Public School Stories #1

I thought about blogging about ”Wayside Stories from Public School”… remember those books by Louis Sachar? I was so intrigued with the irony in those books, and some of my stories to tell are also ironic.

My current 6th graders had really.bad.teachers over the last couple years, so these kids are kind of jaded against what it means to have a respectful relationship with an educator. From what they have described, it really sounds like they did not learn anything of value during those two years… Enter Miss Siscoe.

Yessenia tells me yesterday, ”Miss Siscoe, why do you let us choose our own books to read?”

Me ”Would you prefer I choose the books?”

Y (thoughtfully) ”No, I like choosing my books.”

Me ”Why’s that?”

Y ”Because then I can learn what I want to.”

Me ”Excellent. That’s what I want you to enjoy.”

Y (pauses, I can see wheels turning) ”Miss Siscoe, why are you a teacher?”

Me ”Why do you ask?”

Y ”Because some teachers don’t like kids but you do.”

Me ”Well, I’m a teacher because I’m really smart and I want to share what I know with you so you can be really smart too!”

Y (smiles) “Really? You think I can be smart too?”

Me “Yes, absolutely. I think you can do whatever you want to as long as you work for it. That’s what teachers are for.”
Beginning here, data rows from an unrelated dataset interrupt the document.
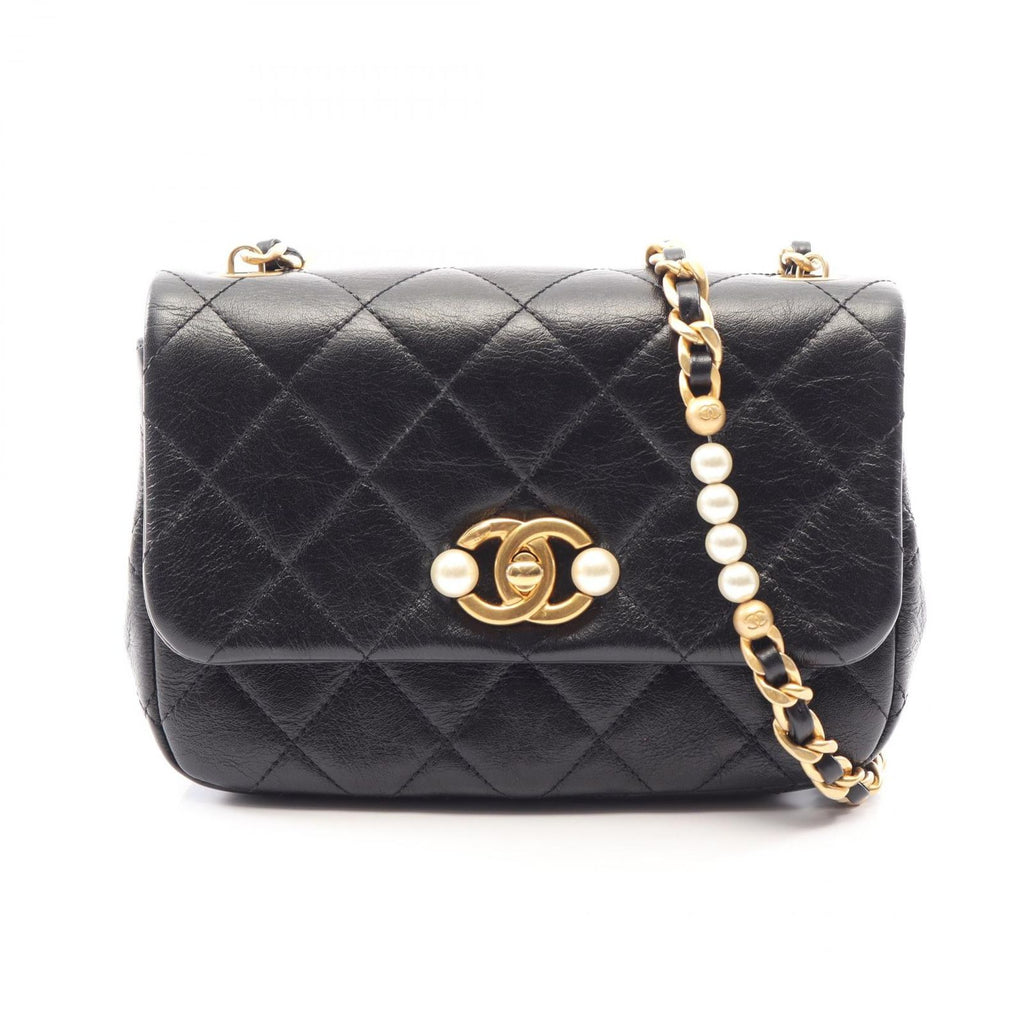 Chanel Shoulder Bag Quilted Black Leather Small Flap Chain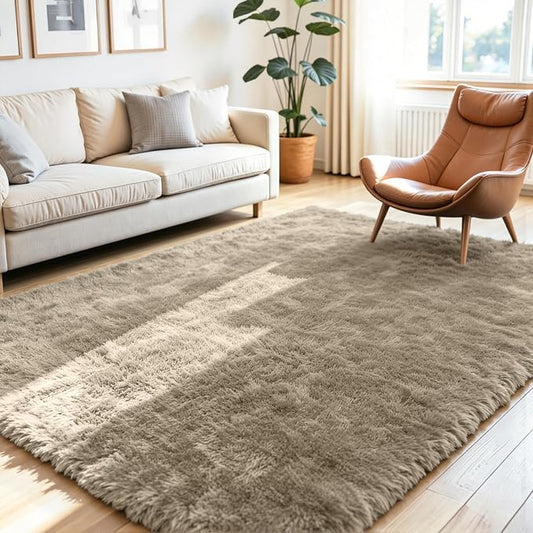 4x6 Area Rug for Living Room, Ultra Soft Fluffy Grey Camel Rugs for Bedroom, Non Slip Large Shag Carpet, Fuzzy Plush Nursery Rug, Thick Washable Indoor Floor Carpets for Kids Office Dorm Home Decor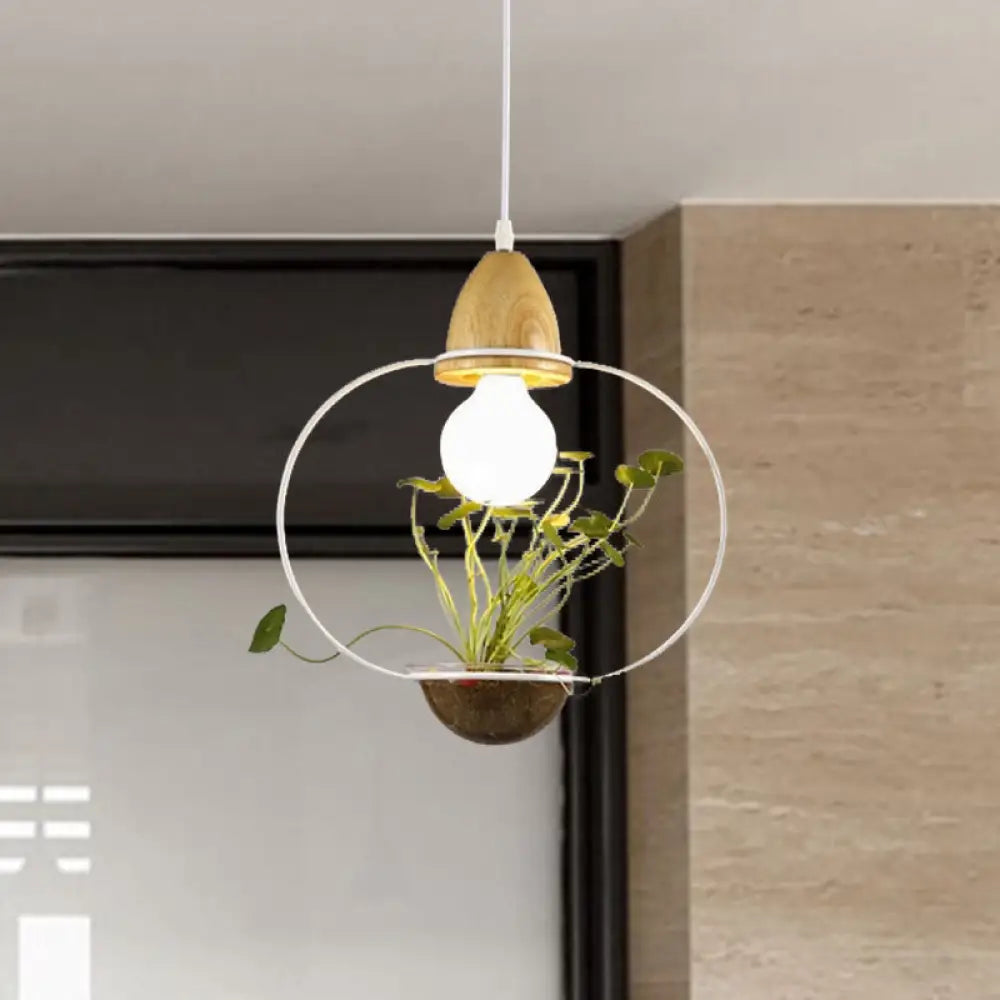 Modern Black/White Industrial Metal Led Pendant Light For Restaurant - Oval/Rectangle/Urn Design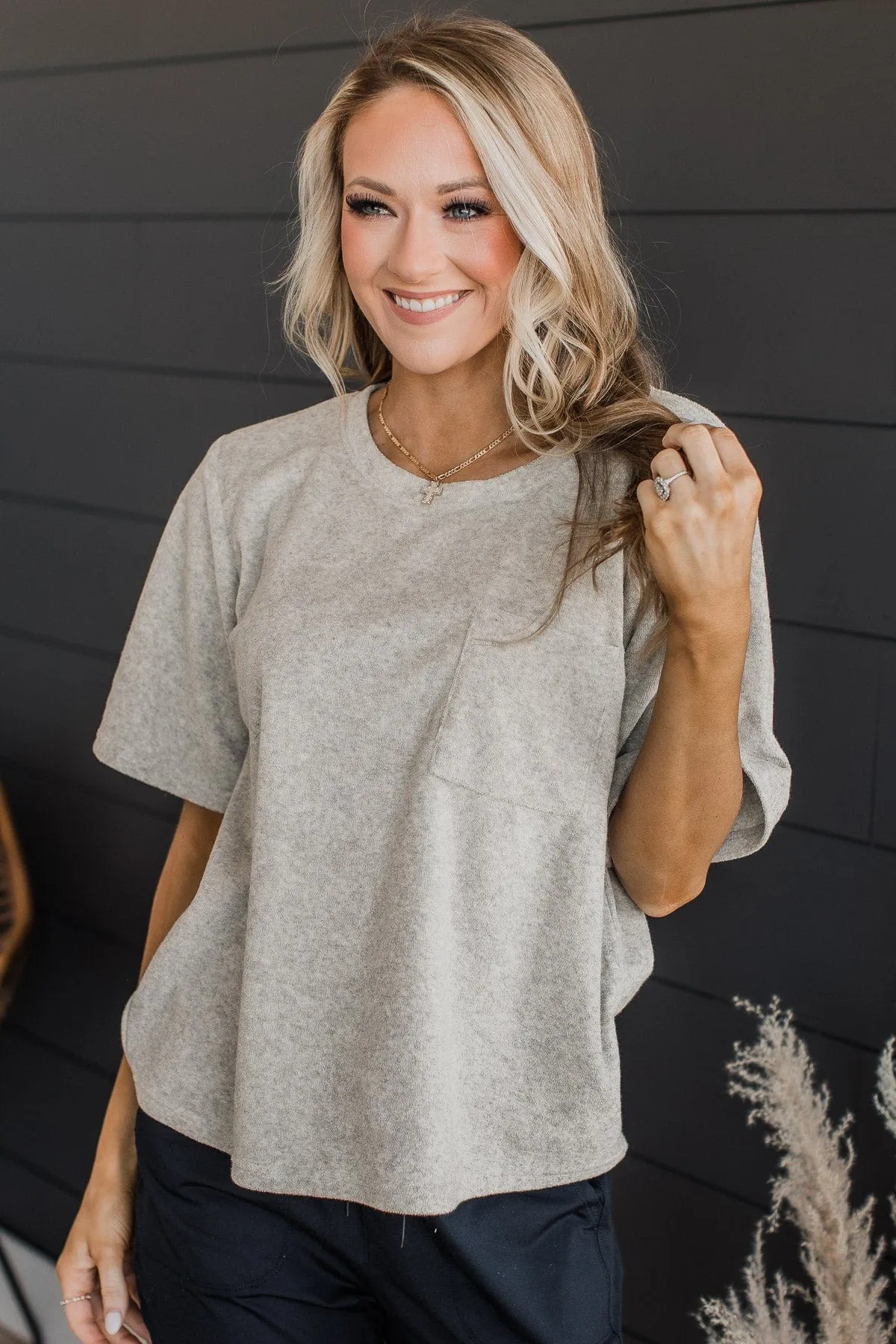 Starting Over Pocket Top- Heather Grey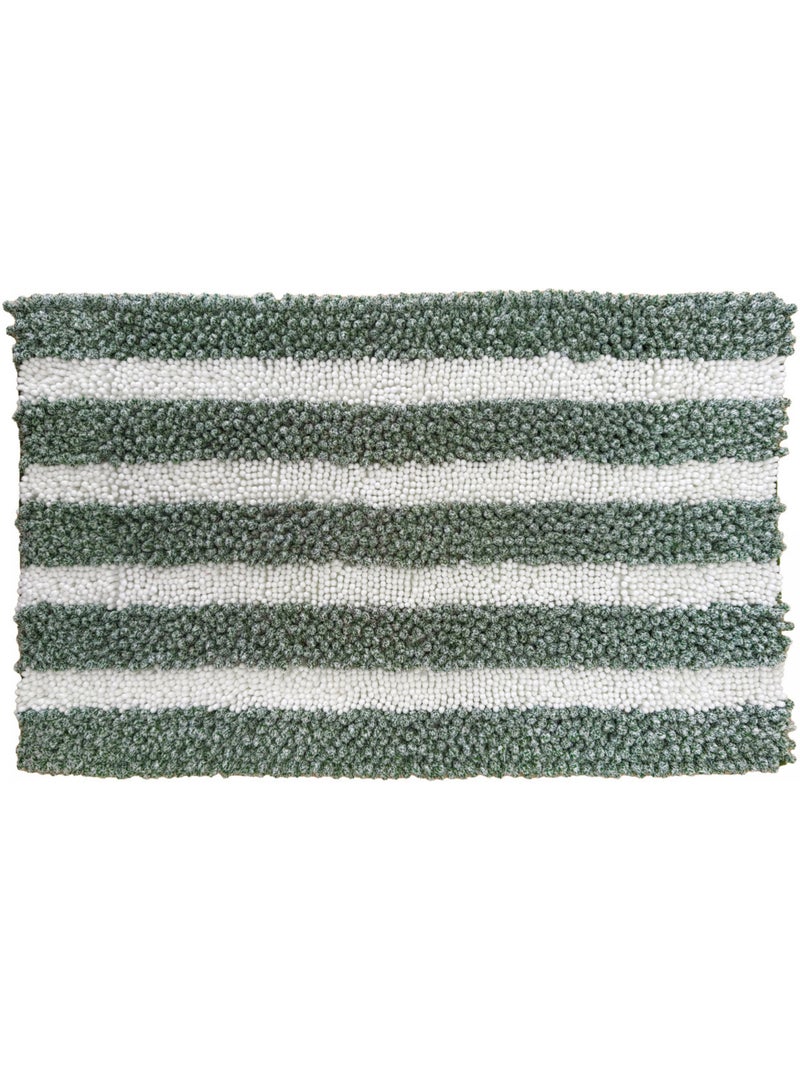 Alfombra de baño decorativa con rayas de poliéster Gris - Kiabi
Y (looks skeptical, frowns) “Not all teachers want that…”

Me “The good ones do.”

Y (smiles) “Yeah, the good teachers do.”

A few weeks ago at church, I was introduced to a mother of seven kids. She quickly informed me that she homeschools her children because of the “horrible” public school district we live in. Then she asked what I do.

“I’m a teacher,” I said.

“Oh really? Where?”

“Actually here in this district.”

“Ohhhh why would you ever want to do that? The kids in this district are so poorly behaved. My children would never have learned anything in these schools.”

I held my tongue from saying what I really wanted to — something like… “Actually, the kids are very well behaved when someone makes limits clear to them. Also, I believe all children are capable of learning, even the kids in this district.” Okay, so maybe I would have said something even stronger (i.e. rude) in the moment… so it’s wise I held my tongue : ).

I truly believe teaching in a public school is a mission field. I pray I can make every moment of these 180 days with these students really count. I truly believe good teachers change lives.